Word for word, please restate each record and pass over the pictures.

**Extracted information:**
▬▬▬▬▬▬
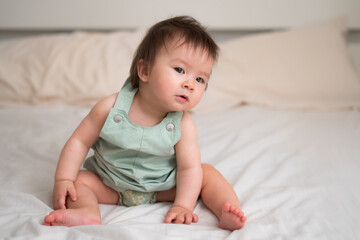 Fototapeta premium Mixed ethnicity Asian Caucasian 8 months baby girl - lifestyle home portrait of adorable and happy female child lying playful on bed exploring the surroundings curious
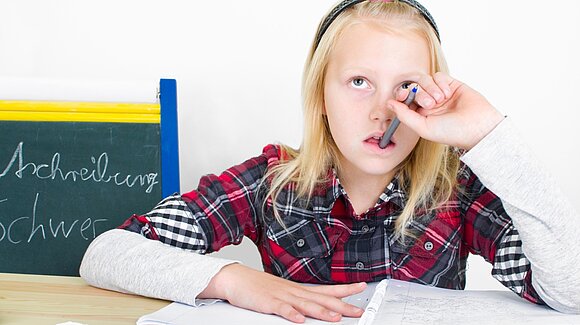 st-fotograf - fotolia.com Schülerin sitzt über Aufgabe, kaut an Bleistift und schaut nachdenklich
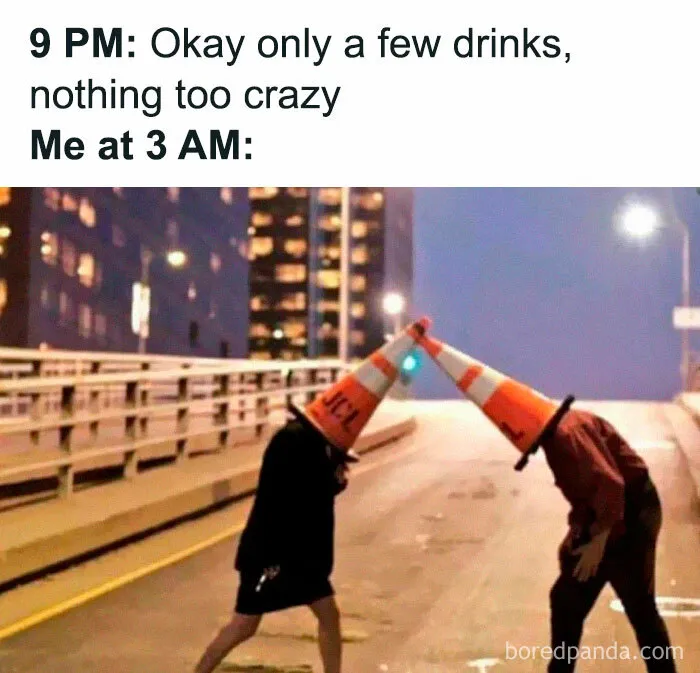Two people on a street at night wearing traffic cones on their heads, symbolizing iconic internet meme culture.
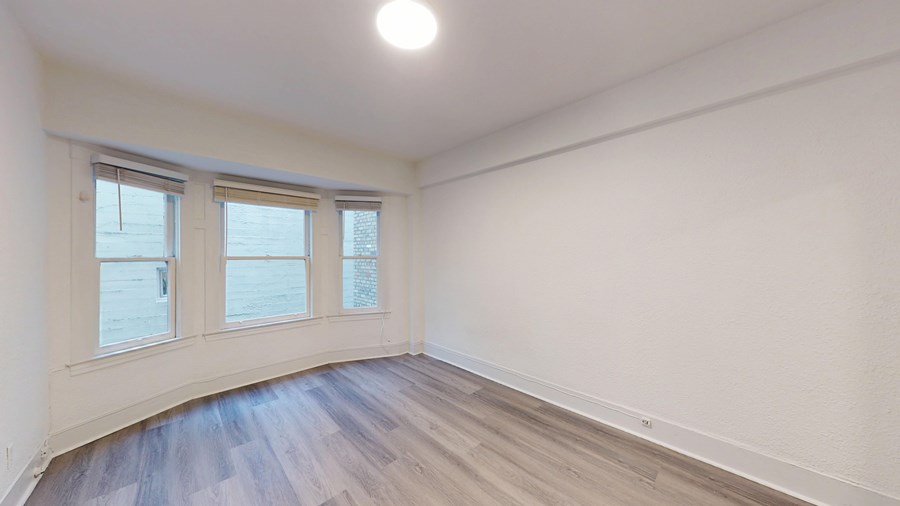 A room with a window and wooden flooring.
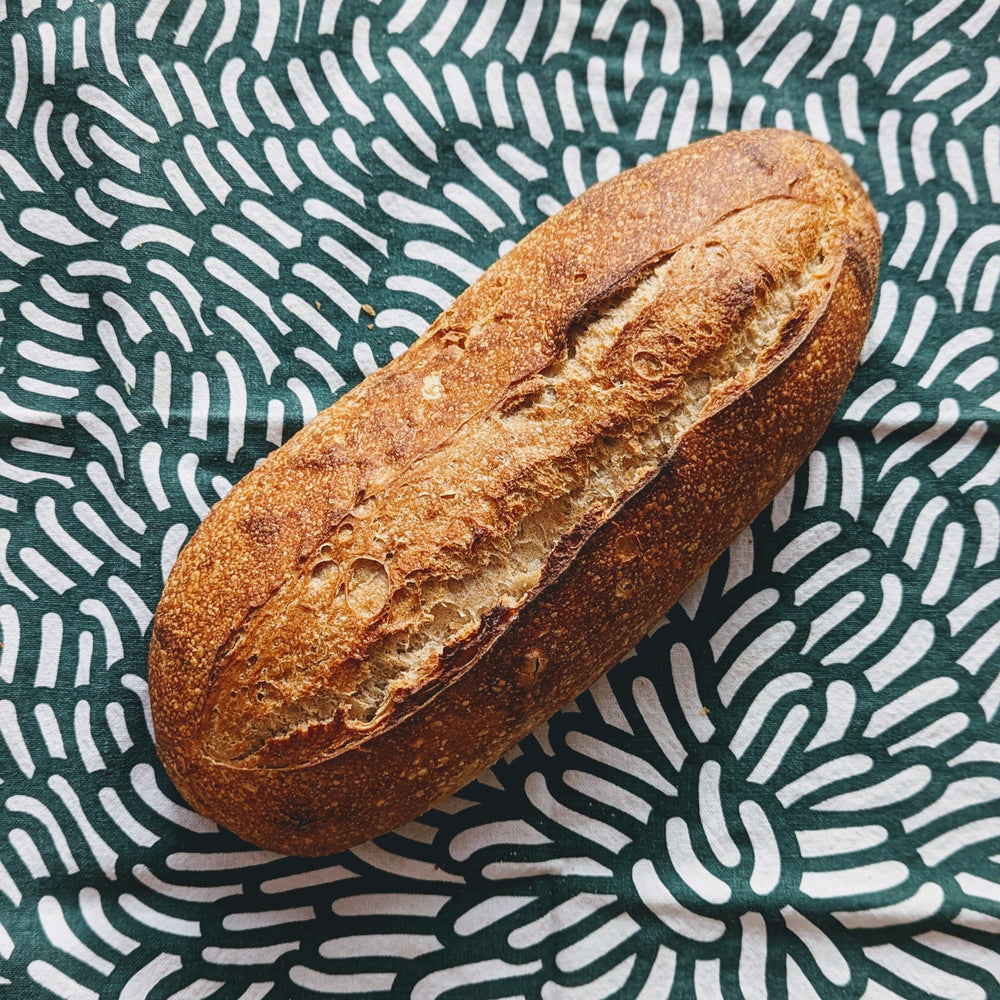 A rustic spelt sourdough loaf on a patterned cloth background.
▬▬▬▬▬▬
**Expected answer:**
 Fototapeta premium Mixed ethnicity Asian Caucasian 8 months baby girl - lifestyle home portrait of adorable and happy female child lying playful on bed exploring the surroundings curious
 st-fotograf - fotolia.com Schülerin sitzt über Aufgabe, kaut an Bleistift und schaut nachdenklich
Two people on a street at night wearing traffic cones on their heads, symbolizing iconic internet meme culture.
 A room with a window and wooden flooring.
 A rustic spelt sourdough loaf on a patterned cloth background.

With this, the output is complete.